Op 27 maart 2014 is de Europese Commissie tot de conclusie gekomen dat een Duitse regeling die voorziet in de toekenning van rechtstreekse subsidies voor de ontwikkeling en revitalisering van stukken grond, staatssteun vormt. De Commissie heeft vastgesteld dat het bouwrijp maken van stukken grond door de plaatselijke autoriteiten onderdeel is van hun publieke taak. Daarom vallen deze activiteiten niet onder de Europese staatssteunregels.
De Duitse regeling
De Duitse subsidieregeling heeft als doel het bouwrijp maken van stukken grond door ervoor te zorgen dat deze stukken grond verbonden worden met nutsvoorzieningen (water, gas, riolering en elektriciteit ) en transportnetwerken (spoor en weg). De bouw van gebouwen en het beheer van onroerend goed komen uitdrukkelijk niet voor subsidie in aanmerking.

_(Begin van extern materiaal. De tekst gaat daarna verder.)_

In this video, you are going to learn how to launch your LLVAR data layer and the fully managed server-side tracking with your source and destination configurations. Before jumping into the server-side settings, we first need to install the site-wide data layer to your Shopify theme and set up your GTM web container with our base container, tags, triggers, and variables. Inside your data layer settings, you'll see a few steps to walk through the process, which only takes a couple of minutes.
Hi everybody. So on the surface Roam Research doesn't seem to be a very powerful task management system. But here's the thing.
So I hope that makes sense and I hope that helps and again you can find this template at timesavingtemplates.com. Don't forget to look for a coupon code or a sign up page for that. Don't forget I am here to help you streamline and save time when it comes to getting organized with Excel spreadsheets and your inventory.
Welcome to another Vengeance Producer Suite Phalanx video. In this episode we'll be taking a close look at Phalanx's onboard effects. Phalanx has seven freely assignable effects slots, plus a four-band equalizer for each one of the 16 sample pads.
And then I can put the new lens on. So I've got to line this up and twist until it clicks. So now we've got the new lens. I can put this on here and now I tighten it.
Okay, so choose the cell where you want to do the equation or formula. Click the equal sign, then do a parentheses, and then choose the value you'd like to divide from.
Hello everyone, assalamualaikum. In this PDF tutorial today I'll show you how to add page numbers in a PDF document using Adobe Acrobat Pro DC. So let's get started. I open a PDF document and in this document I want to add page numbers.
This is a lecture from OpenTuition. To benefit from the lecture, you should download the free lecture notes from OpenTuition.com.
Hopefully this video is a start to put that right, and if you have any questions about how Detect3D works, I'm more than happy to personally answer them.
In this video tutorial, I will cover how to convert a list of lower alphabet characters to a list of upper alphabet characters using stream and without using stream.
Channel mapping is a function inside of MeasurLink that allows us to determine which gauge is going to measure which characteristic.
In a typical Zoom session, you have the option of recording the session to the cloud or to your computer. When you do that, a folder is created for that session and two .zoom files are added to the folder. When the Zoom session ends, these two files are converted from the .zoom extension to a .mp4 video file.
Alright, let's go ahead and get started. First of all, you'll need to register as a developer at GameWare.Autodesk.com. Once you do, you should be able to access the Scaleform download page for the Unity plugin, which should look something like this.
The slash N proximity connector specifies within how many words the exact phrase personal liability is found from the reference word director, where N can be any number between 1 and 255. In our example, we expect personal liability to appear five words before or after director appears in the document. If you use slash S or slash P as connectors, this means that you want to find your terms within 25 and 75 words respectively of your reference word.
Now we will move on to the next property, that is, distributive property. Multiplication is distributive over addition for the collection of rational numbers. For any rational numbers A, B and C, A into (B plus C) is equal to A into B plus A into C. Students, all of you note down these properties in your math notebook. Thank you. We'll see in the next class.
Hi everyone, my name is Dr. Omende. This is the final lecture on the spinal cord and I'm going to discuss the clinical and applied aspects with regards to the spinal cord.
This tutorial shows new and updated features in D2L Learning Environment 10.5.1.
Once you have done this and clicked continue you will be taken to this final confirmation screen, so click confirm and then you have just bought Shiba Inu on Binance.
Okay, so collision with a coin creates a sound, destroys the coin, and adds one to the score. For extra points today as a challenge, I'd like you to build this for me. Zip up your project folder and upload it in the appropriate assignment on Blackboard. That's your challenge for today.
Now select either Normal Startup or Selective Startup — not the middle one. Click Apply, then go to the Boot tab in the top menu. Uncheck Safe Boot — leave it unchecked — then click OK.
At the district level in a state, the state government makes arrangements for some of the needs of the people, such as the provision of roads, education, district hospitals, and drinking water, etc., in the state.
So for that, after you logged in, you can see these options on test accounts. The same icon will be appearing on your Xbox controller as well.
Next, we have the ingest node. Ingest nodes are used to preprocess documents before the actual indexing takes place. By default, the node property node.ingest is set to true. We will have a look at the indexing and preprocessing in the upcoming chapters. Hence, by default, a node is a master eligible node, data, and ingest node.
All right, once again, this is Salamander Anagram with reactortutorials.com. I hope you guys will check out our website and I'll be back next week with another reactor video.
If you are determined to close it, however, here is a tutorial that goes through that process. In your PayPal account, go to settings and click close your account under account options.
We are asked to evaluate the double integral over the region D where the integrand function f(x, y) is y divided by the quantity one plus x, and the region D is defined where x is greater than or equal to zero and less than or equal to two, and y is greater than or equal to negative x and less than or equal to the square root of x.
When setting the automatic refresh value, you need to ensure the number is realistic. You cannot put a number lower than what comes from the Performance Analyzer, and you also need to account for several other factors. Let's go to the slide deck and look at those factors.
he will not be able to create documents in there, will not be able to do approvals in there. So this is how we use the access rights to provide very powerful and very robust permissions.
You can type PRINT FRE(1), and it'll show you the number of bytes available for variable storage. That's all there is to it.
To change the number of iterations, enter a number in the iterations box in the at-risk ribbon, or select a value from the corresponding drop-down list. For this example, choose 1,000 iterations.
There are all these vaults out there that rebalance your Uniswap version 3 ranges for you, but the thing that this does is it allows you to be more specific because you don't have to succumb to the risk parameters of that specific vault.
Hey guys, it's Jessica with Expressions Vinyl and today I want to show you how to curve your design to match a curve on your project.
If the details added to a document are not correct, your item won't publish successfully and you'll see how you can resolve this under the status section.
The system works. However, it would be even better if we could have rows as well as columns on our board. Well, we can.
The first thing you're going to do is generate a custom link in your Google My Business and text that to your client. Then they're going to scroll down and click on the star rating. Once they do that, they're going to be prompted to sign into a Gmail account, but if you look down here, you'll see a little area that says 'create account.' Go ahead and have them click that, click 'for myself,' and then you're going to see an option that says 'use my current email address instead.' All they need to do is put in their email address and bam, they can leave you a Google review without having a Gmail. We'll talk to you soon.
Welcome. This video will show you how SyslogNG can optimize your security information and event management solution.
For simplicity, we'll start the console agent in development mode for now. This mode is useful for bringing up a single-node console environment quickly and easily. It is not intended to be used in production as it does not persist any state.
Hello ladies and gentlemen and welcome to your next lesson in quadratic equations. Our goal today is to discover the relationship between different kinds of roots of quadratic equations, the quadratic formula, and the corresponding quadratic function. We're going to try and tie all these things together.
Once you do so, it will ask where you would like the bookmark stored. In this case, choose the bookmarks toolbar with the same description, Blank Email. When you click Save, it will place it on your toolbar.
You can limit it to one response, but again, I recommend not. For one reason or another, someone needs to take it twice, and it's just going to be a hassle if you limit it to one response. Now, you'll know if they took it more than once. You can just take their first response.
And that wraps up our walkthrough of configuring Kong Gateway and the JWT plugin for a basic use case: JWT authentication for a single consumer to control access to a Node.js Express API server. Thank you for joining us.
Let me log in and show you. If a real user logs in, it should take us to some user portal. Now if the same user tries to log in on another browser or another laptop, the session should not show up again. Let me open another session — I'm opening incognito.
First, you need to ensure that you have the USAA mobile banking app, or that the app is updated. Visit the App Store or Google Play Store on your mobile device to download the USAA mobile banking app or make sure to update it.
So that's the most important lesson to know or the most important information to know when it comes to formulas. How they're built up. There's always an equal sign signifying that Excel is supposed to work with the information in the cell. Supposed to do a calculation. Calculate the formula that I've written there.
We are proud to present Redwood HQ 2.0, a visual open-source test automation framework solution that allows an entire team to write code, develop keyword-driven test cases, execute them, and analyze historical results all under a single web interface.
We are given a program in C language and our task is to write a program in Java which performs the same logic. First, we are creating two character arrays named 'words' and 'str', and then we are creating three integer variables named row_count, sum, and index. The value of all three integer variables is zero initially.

Beoordeling door de Commissie
De Commissie heeft vastgesteld dat de aannemers die de stukken grond bouwrijp gaan maken zullen worden geselecteerd door middel van een transparante en niet-discriminerende openbare aanbestedingsprocedure. Bovendien worden na het bouwrijp maken de afzonderlijke percelen in overeenstemming met de Mededeling van de Commissie over de verkoop van grond verkocht, hetzij door middel van een aanbesteding of na taxatie door een onafhankelijke deskundige. Dit zorg ervoor dat het bouwrijp maken tegen marktvoorwaarden plaatsvindt en dat de kopers van de percelen de grond tegen een marktprijs kopen. Aangezien de maatregel de aannemers noch de kopers een voordeel verschaft, is er volgens de Commissie geen sprake van staatssteun.
Belang van de beschikking
In de zaak Flughafen Leipzig Halle hebben het Gerecht en het Hof van Justitie geoordeeld dat de aanleg van infrastructuur niet los mag worden gezien van het latere gebruik ervan. Zie in dit kader de blog: Staatssteun en infrastructuur: het arrest Leipzig / Halle. Als het latere gebruik economisch van aard is, is de aanleg van de infrastructuur ook economisch van aard. Bijgevolg moet bij de aanleg rekening worden gehouden met de staatssteunregels. Deze arresten hebben grote gevolgen gehad voor de beoordeling van de financiering van de bouw of renovatie van infrastructurele projecten.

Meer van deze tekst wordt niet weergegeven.